Ele estava ali anotando no meu prontuário tudo que eu lhe relatava, me examinando com cuidado, dizendo que eu devia contatá-lo assim que me sentisse mal, fosse por conta de um enjoo mais forte ou por solidão.

― Quando precisar é só me ligar, não importa a que horas seja. ― justificou Fábio anotando número por número soletrado em seu Iphone cuja capa era dourada.

Sem alianças nas mãos, sem porta-retratos com crianças fotogênicas e uma esposa dedicada, decidi procurar por seu perfil no facebook. Não era casado nem noivo nem estava “em um relacionamento sério”. Como se espera de um solteirão cobiçado, as mulheres flertavam descaradamente nos comentários das fotos postadas.

Formado na PUC na turma de 2000, esforçado a ponto de conseguir residência na área pretendida logo após sair da faculdade. Especialista, atualizado, curioso, dedicado. Nada mais natural que muitas desejassem ser a “Sra. Fábio Aragão”. Foi tão estranho sentir ciúmes de todo aquele assédio se ele e eu não passávamos de amigos, se eu era apenas uma paciente. Nada o impedia de ser feliz em um futuro casamento, o mesmo não me devia satisfações de nada.

Apesar de ser viajado, Fábio não fazia o gênero metido, ainda que entre um recesso e outro conhecesse praticamente o mundo inteiro. Vi fotos dele em Mônaco, em Bali, no Vaticano, em Acapulco, nos Andes, no Nepal. Senti até um pouco de receio de que ele me considerasse “simples” demais. Ele tinha (como tem) um padrão de vida infinitamente maior que o meu. Viajar para a França é o mesmo que eu ir ao cinema, por exemplo.

Não desmereço em nenhum momento as minhas lembranças de mochileira, economizando bastante para me presentear com alguns dias de folga. Campo Grande, Bombinhas, Montevidéu, Buenos Aires, Salvador, Brasília, Recife. Não conheço a Europa pessoalmente ainda, mas pretendo algum dia, quando minha filha estiver crescida, leva-la comigo para as andanças no velho continente e também pelo nosso Brasil também.

Fábio Aragão era apenas o médico que me atendia, eu não deveria forçar uma aproximação, uma intimidade, não seria certo, pelo menos não ao meu julgamento. Não almejava ser apenas um número esquecido no Whatsapp dele que podia me colocar nos contatos, ainda assim não era garantia de nada, até porque não havia nada que não fosse profissional, nada que comprovasse que pudesse haver (talvez) uma amizade.  Eu estava “stalkeando” por pura curiosidade, não por maldade. Pensei em adicioná-lo, depois desconsiderei, mas ele fez a solicitação ao final daquele mesmo dia e eu aceitei.

Tudo começou com um afinado “Oi, tudo bem?”, o qual eu educadamente respondi que sim e lancei lhe a mesma pergunta.

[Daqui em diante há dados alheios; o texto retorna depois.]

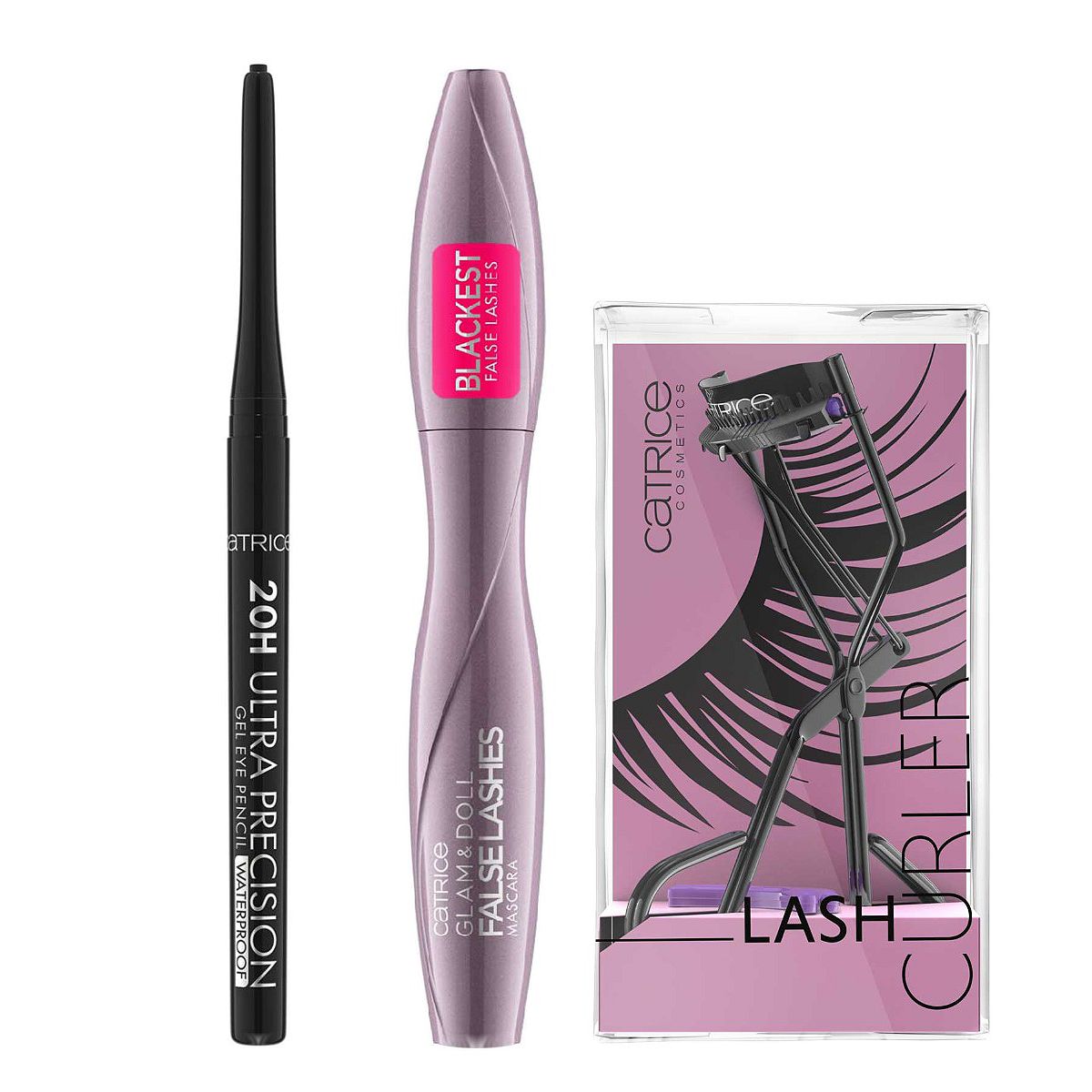 Catrice Eye Make Up Set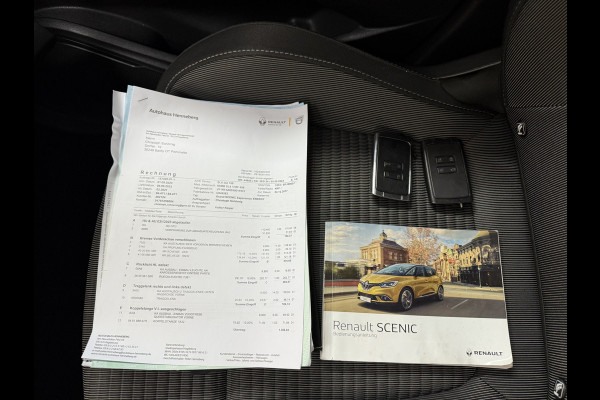 Renault Grand Scénic 1.2 TCe Zen 7p. | Navi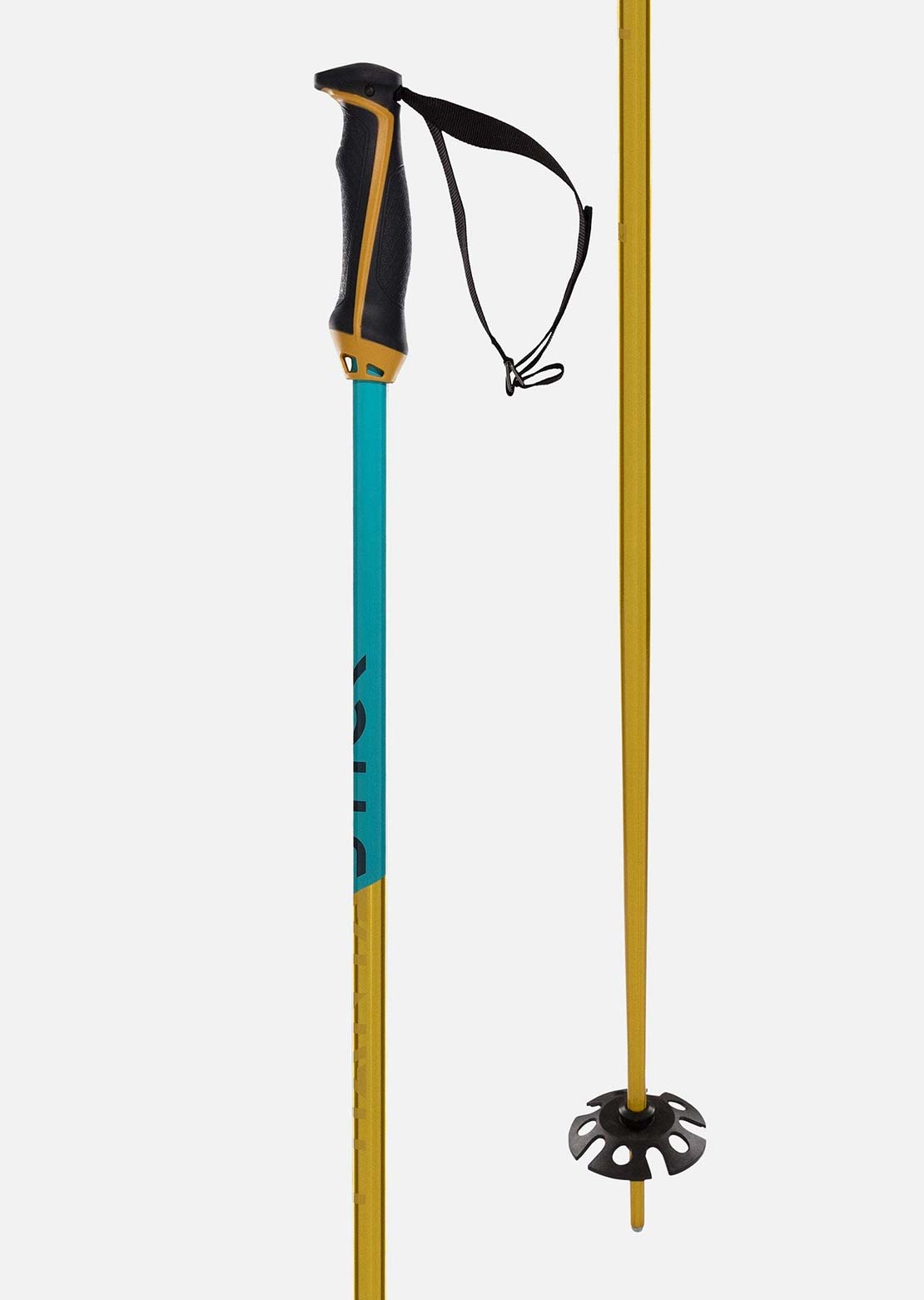Volkl Men's Phantastick 18mm Ski Poles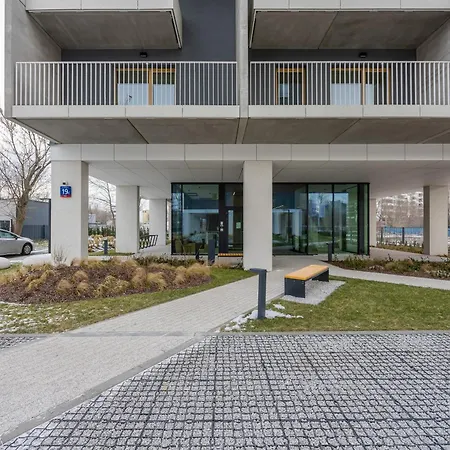 Exceptional For 6 People By Renters Prestige Apartment Warsaw
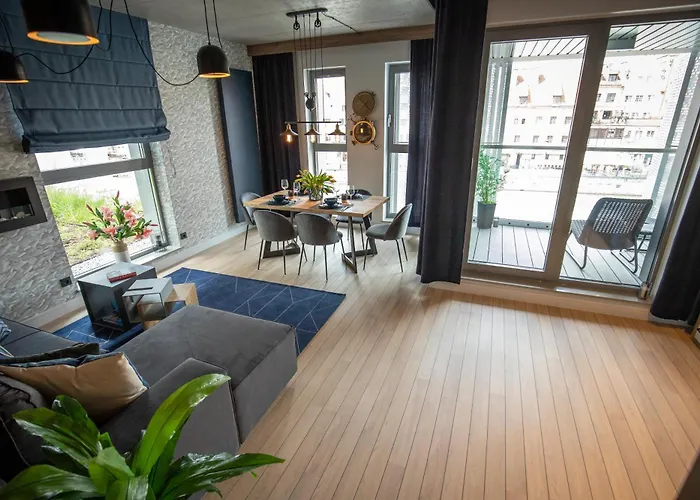 Granaria A11 Old Town * グダニスク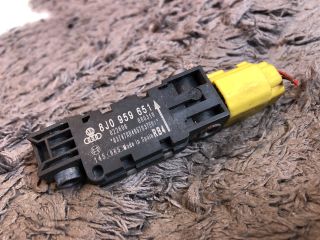 bontott AUDI A3 Légzsák Indító Modul Oldallégzsák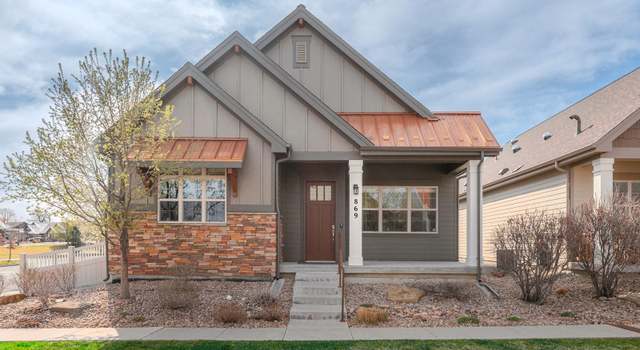 Photo of 869 Bluestem Ln, Louisville, CO 80027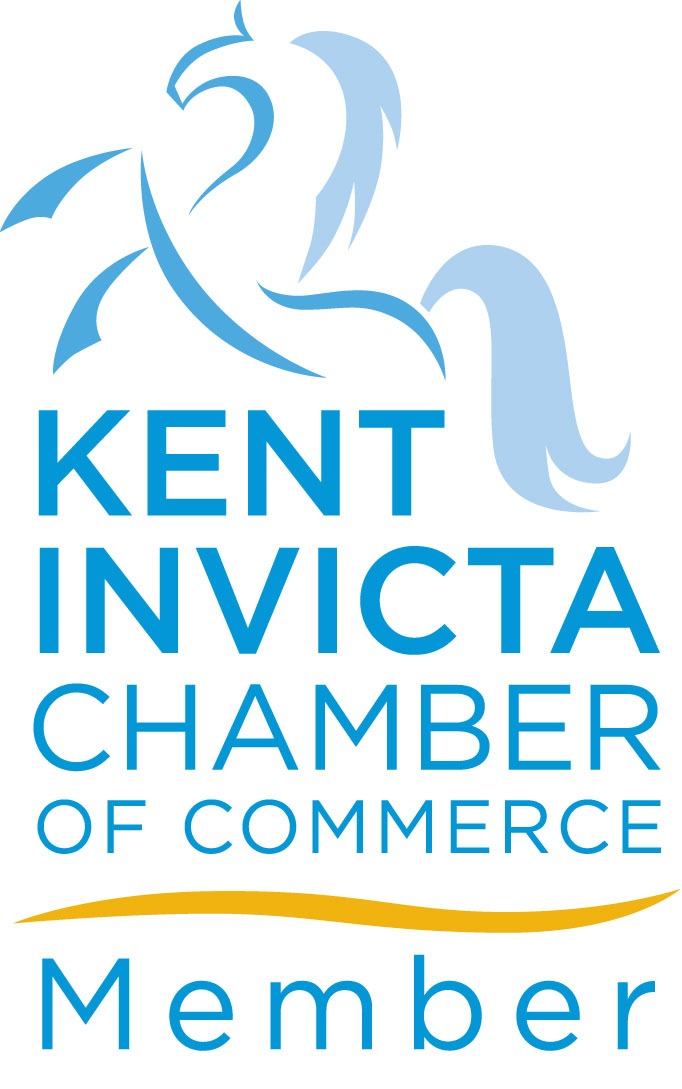 Kent Invicta Chamber of Commerce membership logo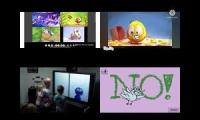 Thumbnail of up to faster 7 parison made by Ring The Holiday And Gemmy Collecter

Temia estar distorcendo a relação médico-paciente, mas me fazia bem um bocado conversar com Fábio e sabia que ele também gostava de mim, de passar muitas horas conversando, trocando ideias, confidências. Era como se nós nos conhecêssemos por uma vida inteira, muito antes daquela primeira consulta a qual eu parecia a menina Letícia quando precisava apresentar um seminário para a turma toda.

Eu estava gostando de pensar em Fábio. Era um prazer diferente, apetitoso. Eu apreciava estar com ele, aquele friozinho na barriga quando ouvia “alô” do outro lado da linha, quando eu nem me dava conta das horas porque sabia que quando elas acabassem, voltariam.

Mensagens de bom dia, boa noite, bom apetite

Sua entonação era a de um amigo muito zeloso, com quem eu podia tratar de assuntos que não dividiria com Letícia ― não por não confiar nela, mas porque ela ainda era muito nova para se envolver. Amigo esse que eu, Cuca Magalhães, estava vendo com outros olhos que não os de amiga.